Although some professors say interest may have started to wane, the numbers are still testing the ability of universities to keep up. Despite hiring a new adjunct professor of Arabic, Columbia University in New York turned away language students last year because of overfilled classrooms. Princeton University in New Jersey hired a new political scientist specializing in the Middle East in part because of surging student enrollment. Last year 586 students took a class in Princeton's Near East Studies department, compared with 382 students the year before the Sept. 11 attacks. To cope with similar demand, the University of Dallas created a new Institute of Hebrew and Islamic Studies in 2002 and the University of Oklahoma recently announced the university's first endowed chair in Arabic.
The expansion of Middle East studies programs has not come without controversy, however, as some have accused professors and administrators of pushing a political agenda.
Campus Watch, a website founded last year to expose alleged anti-Americanism at universities, has publicized what it calls the mixing of politics and scholarship to disparage the United States.
"Especially in a time of war those who know about the enemy ideology should be constructive in trying to help the country," says Campus Watch founder Daniel Pipes. "That's not what I've seen in general."
While groups like Campus Watch claim to seek balance in the classroom, many university professors and administrators consider them a threat to academic freedom.
"They're not interested in balance," says Barbara Petzen, outreach coordinator of Harvard's Center for Middle Eastern Studies. "They're interested in having their point of view heard over others."
While Arabic teachers say they try to avoid political advocacy, many view themselves as cultural ambassadors as much as grammar guides.
"We try to say: 'Here are some elements of this culture, don't fall for traps of politics or traps of stereotypes,'" says Ahmed Jebari, 51, who teaches a 10-week Arabic class at the Cambridge Center for Adult Education in Massachusetts.
Shukri Abed, the chairman of language and regional studies at The Middle East Institute in Washington, and also a professor of Arabic at The University of Maryland, says he hopes his teaching will contribute to the end of what he calls a "dark period" in relations between the US and the Arab world.
"Hopefully, the learning of Arabic will open people's minds and bring people to their senses about Arabic culture," says Abed, who blames both Islamic extremists and neoconservatives in Washington for the current social and political rift between the US and much of the Arab world. "I've changed lots of minds in a very positive way," he says.
While many students sign up for Arabic classes to better understand the Palestinian-Israeli conflict, others come with few preconceived notions and an eye on the growing number of jobs for Arabic speakers within agencies of the US government.
Before Sept. 11, the FBI employed about 40 Arabic speakers.

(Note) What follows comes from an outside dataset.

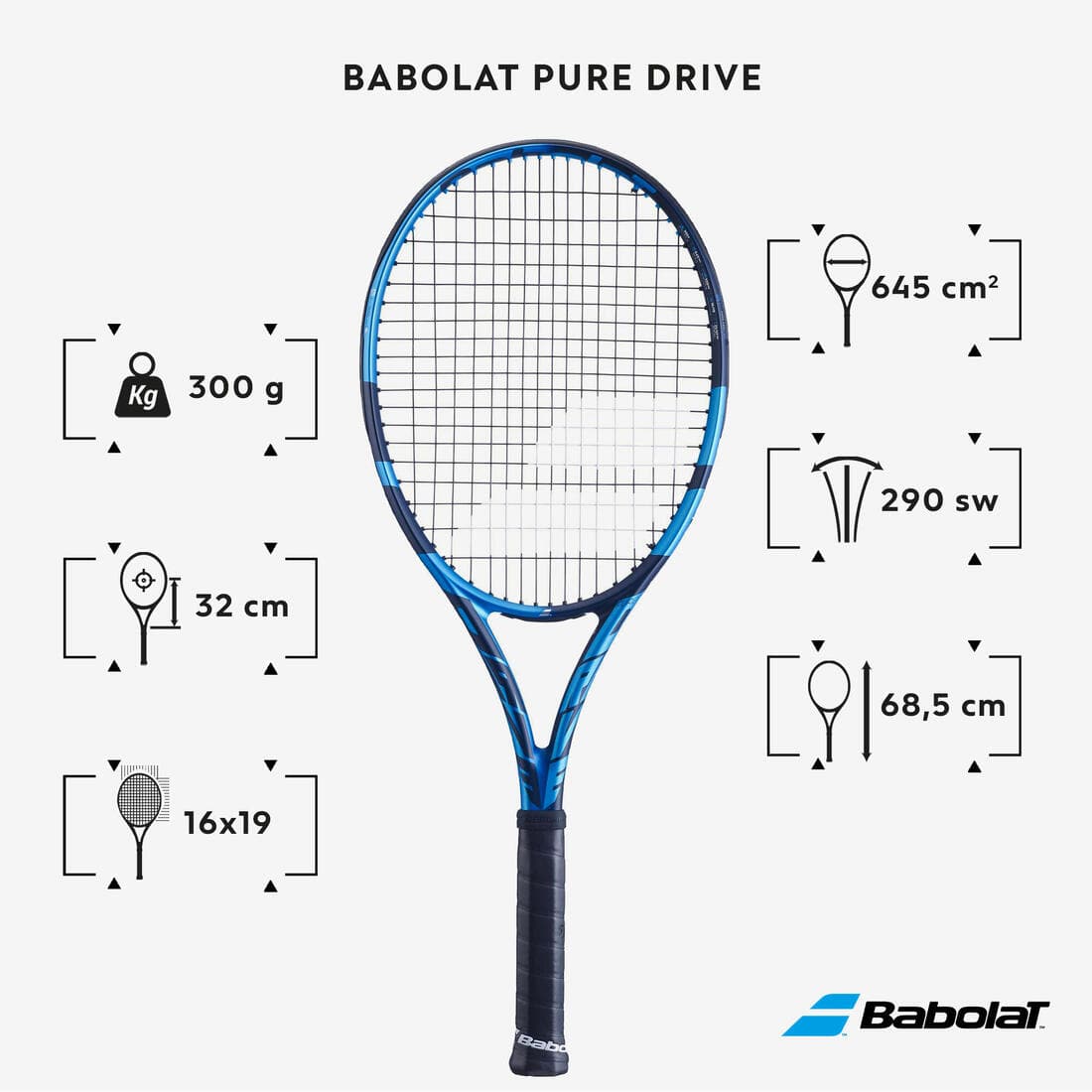 Raquette de tennis adulte - Babolat Pure Drive Bleu 300g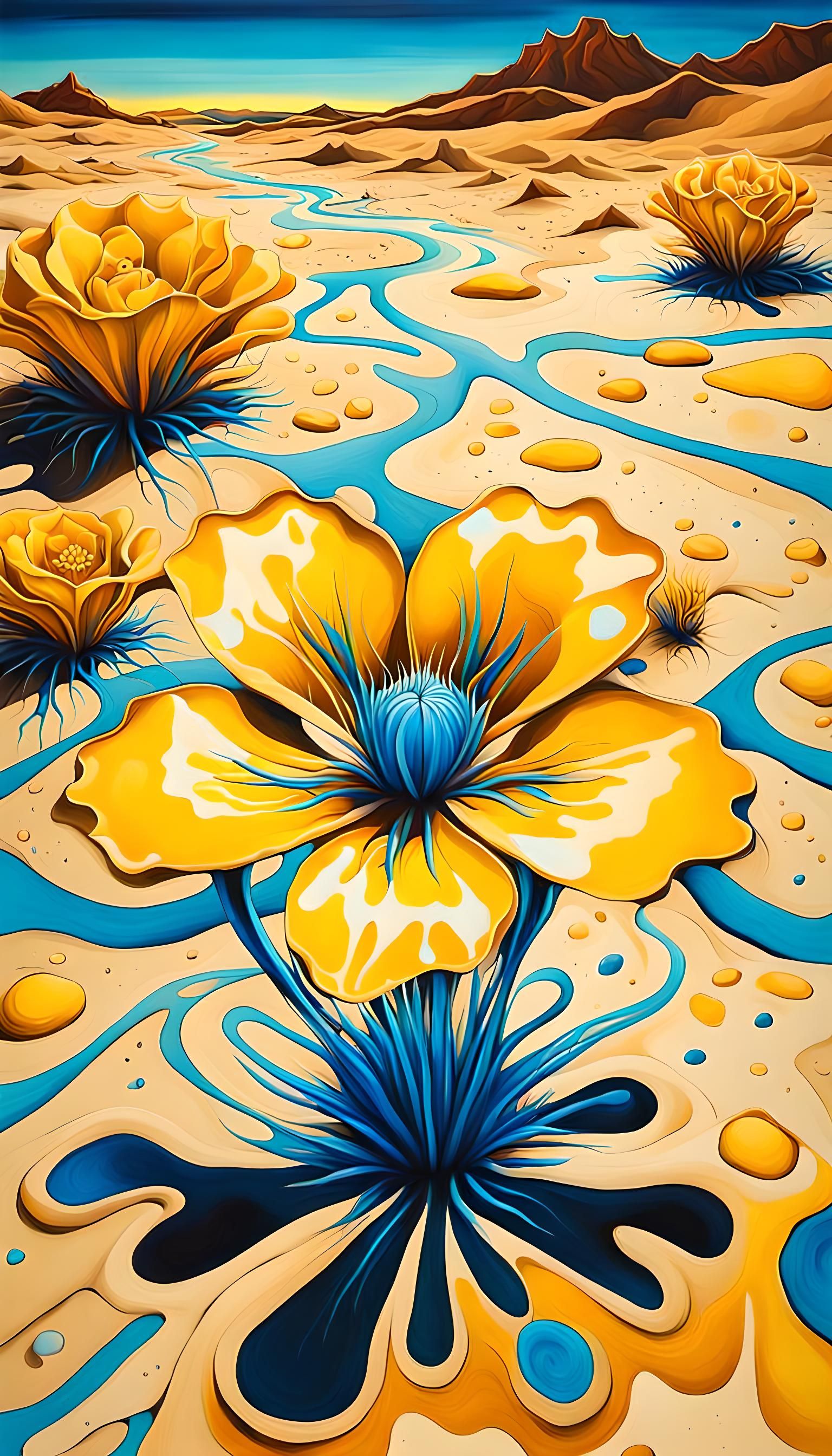 Desert Flower Graffiti Art in Salvador Dali Style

Now, about 200 work at the Bureau, largely as translators of wire-tapped conversations. A spokeswoman for the CIA says the agency has started an ongoing recruiting drive for Arabic speakers (the exact number sought is classified). Currently, about 4 percent of those hired at the CIA speak Arabic.
Amy Keith, a junior at Stanford University in California who has studied Arabic for three years, says she's received three emails from CIA recruiters, but has not been tempted by the lucrative positions, some of which carry $15,000 bonuses for Arabic speakers.
"You always know it's there as a back-up plan," says Keith, an African-American from Los Angeles who wants to be a journalist, potentially writing on the Middle East.
Many US students cite a sense of idealism for learning Arabic and studying the Middle East. Even the CIA, viewed cynically by many both in the Middle East and in the US, can be a vessel for high-minded reform, John believes.
"I knew that (a job with the CIA) was a great way to use what I learned in school for a practical effect," John says. "There are things the government can do to help people in the Middle East as long as the US is humble and doesn't go too far."